Die Kommunen stehen vor immer komplexeren Aufgaben, alle stöhnen unter finanziellen und personellen Engpässen. Sie haben Mühe, ihre Aufgaben aus eigener Kraft zu meistern – und im Haushalt kaum mehr Spielräume, um durch so genannte freiwillige Leistungen ihre Standortvorteile zu verbessern und die Lebensqualität ihrer Bürger zu erhöhen.

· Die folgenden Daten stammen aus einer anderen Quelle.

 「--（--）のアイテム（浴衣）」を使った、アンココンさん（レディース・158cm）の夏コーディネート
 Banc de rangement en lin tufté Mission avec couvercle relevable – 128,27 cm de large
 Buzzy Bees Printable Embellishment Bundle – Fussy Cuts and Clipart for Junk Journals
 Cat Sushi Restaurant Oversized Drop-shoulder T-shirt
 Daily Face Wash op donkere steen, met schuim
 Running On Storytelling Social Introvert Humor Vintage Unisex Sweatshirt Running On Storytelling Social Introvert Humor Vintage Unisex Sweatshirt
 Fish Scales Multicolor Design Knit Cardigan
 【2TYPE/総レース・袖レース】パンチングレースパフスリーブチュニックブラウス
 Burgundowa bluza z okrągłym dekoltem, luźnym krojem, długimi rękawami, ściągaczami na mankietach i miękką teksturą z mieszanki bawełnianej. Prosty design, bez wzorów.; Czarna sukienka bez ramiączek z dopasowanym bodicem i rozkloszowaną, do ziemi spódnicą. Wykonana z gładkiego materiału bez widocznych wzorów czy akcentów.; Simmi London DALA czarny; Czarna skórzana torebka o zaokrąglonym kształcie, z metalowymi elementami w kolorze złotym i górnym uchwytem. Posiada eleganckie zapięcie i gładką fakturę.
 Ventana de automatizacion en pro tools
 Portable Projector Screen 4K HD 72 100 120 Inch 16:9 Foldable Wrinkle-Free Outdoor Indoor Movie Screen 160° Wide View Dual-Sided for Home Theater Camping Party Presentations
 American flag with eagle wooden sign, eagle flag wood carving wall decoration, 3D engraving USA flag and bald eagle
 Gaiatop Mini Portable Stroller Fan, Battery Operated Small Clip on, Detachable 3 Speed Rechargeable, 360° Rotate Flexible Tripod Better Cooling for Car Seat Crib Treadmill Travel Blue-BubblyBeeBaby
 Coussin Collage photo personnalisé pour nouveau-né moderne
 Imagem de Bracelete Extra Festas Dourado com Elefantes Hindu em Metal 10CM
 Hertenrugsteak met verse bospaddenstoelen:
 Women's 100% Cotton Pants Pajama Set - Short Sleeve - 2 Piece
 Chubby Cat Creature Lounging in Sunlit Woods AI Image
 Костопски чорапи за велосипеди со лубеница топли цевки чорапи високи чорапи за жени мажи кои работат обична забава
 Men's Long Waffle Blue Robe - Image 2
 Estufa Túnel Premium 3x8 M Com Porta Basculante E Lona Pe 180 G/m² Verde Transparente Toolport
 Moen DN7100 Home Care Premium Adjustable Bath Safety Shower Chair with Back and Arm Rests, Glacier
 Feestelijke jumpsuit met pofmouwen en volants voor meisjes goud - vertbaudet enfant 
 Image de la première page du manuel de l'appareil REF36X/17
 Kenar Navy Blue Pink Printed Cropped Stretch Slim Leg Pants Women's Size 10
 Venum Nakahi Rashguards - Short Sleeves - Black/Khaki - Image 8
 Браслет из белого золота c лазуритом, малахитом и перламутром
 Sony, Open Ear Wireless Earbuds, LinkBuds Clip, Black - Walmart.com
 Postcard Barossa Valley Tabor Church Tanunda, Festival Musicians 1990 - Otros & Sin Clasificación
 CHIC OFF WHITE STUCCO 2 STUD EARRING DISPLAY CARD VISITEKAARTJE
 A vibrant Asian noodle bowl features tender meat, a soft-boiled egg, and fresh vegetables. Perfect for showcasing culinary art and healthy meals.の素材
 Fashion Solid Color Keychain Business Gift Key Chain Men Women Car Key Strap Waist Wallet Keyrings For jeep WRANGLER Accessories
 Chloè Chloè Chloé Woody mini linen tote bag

„In der Privatwirtschaft sind Fusionen gang und gäbe“, betont Klaus Strütt. Ein 50-jähriger Stillstand wäre da undenkbar. Aus gutem Grund: „Zentralität schafft Spielräume“, weiß der ausgewiesene Verwaltungsfachmann.
Auf das Land zu hoffen, sei sinnlos, zumal solche von oben angestoßene Entwicklungen Jahre, wenn nicht Jahrzehnte dauern. „Die Kommunen können nicht so lange warten“, ist Strütt überzeugt. Der Anstoß für eine erneute Kommunalreform muss in seinen Augen vielmehr von den Gemeinden selbst kommen, von innen heraus sozusagen.
Das gesetzliche Instrumentarium gibt es schon: So wie die Städte und Gemeinden bestimmte Aufgaben bisher schon in Eigenbetriebe (VHS, Bauhof) verlagern, die sich selbst finanzieren müssen, könnte dies auch in interkommunalem Rahmen funktionieren.
Kommunen müssten dazu Eigenbetriebe, Zweckverbände und Kooperationen bilden oder öffentliche-rechtliche
Reform von innen heraus
Vereinbarungen eingehen, um bestimmte Aufgaben gemeinsam zu bewältigen. Solche Gebilde gibt es vereinzelt jetzt schon (Abwasserbeseitigung, Musikschule). Für Strütt ist dieses Modell aber ausbaufähig.
Ein Beispiel: das Bauwesen. Die beteiligten Gemeinden behalten ihre Planungshoheit und geben den Kostenrahmen vor, delegieren aber die Details wie Planungen, Ausschreibungen, Wettbewerbe oder Anhörungen bis hin zur Bauausführung und zur Kostenkontrolle an den qualifizierten Eigenbetrieb. „Die Aufgabe stellt die Stadt – und übernimmt dann das Gebäude“, so Strütt.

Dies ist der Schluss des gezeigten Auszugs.